[Collected data entries]
# # # # #

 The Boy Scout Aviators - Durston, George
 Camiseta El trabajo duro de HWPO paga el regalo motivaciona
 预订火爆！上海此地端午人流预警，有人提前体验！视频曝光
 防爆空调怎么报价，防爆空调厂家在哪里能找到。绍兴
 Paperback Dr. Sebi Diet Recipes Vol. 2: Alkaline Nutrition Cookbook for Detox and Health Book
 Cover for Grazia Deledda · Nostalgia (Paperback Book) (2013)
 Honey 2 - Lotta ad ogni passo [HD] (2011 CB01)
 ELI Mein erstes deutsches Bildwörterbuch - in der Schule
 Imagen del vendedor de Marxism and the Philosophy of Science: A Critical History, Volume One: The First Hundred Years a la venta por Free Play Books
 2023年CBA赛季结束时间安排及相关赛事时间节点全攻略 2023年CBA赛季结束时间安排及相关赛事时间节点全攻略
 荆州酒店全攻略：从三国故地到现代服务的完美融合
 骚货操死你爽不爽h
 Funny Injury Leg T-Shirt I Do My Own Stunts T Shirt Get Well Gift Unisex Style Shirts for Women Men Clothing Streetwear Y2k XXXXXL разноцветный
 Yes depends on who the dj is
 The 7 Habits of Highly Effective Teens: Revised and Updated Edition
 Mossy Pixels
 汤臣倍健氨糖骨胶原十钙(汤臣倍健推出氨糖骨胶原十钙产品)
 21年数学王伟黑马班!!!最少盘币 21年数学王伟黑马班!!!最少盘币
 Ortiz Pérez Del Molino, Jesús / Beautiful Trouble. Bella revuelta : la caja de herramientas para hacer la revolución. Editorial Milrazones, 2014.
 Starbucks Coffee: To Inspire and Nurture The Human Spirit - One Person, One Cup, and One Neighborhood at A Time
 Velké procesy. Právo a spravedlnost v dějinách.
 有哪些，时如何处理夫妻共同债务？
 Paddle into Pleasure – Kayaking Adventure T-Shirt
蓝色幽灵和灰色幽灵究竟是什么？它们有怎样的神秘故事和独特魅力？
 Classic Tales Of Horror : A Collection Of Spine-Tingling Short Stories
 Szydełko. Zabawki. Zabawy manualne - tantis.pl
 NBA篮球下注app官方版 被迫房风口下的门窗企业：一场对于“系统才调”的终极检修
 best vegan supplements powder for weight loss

# # # # #

Exercise instructions: Could you retype every line of the data exactly?

Task response:
 The Boy Scout Aviators - Durston, George
 Camiseta El trabajo duro de HWPO paga el regalo motivaciona
 预订火爆！上海此地端午人流预警，有人提前体验！视频曝光
 防爆空调怎么报价，防爆空调厂家在哪里能找到。绍兴
 Paperback Dr. Sebi Diet Recipes Vol. 2: Alkaline Nutrition Cookbook for Detox and Health Book
 Cover for Grazia Deledda · Nostalgia (Paperback Book) (2013)
 Honey 2 - Lotta ad ogni passo [HD] (2011 CB01)
 ELI Mein erstes deutsches Bildwörterbuch - in der Schule
 Imagen del vendedor de Marxism and the Philosophy of Science: A Critical History, Volume One: The First Hundred Years a la venta por Free Play Books
 2023年CBA赛季结束时间安排及相关赛事时间节点全攻略 2023年CBA赛季结束时间安排及相关赛事时间节点全攻略
 荆州酒店全攻略：从三国故地到现代服务的完美融合
 骚货操死你爽不爽h
 Funny Injury Leg T-Shirt I Do My Own Stunts T Shirt Get Well Gift Unisex Style Shirts for Women Men Clothing Streetwear Y2k XXXXXL разноцветный
 Yes depends on who the dj is
 The 7 Habits of Highly Effective Teens: Revised and Updated Edition
 Mossy Pixels
 汤臣倍健氨糖骨胶原十钙(汤臣倍健推出氨糖骨胶原十钙产品)
 21年数学王伟黑马班!!!最少盘币 21年数学王伟黑马班!!!最少盘币
 Ortiz Pérez Del Molino, Jesús / Beautiful Trouble. Bella revuelta : la caja de herramientas para hacer la revolución. Editorial Milrazones, 2014.
 Starbucks Coffee: To Inspire and Nurture The Human Spirit - One Person, One Cup, and One Neighborhood at A Time
 Velké procesy. Právo a spravedlnost v dějinách.
 有哪些，时如何处理夫妻共同债务？
 Paddle into Pleasure – Kayaking Adventure T-Shirt
蓝色幽灵和灰色幽灵究竟是什么？它们有怎样的神秘故事和独特魅力？
 Classic Tales Of Horror : A Collection Of Spine-Tingling Short Stories
 Szydełko. Zabawki. Zabawy manualne - tantis.pl
 NBA篮球下注app官方版 被迫房风口下的门窗企业：一场对于“系统才调”的终极检修
 best vegan supplements powder for weight loss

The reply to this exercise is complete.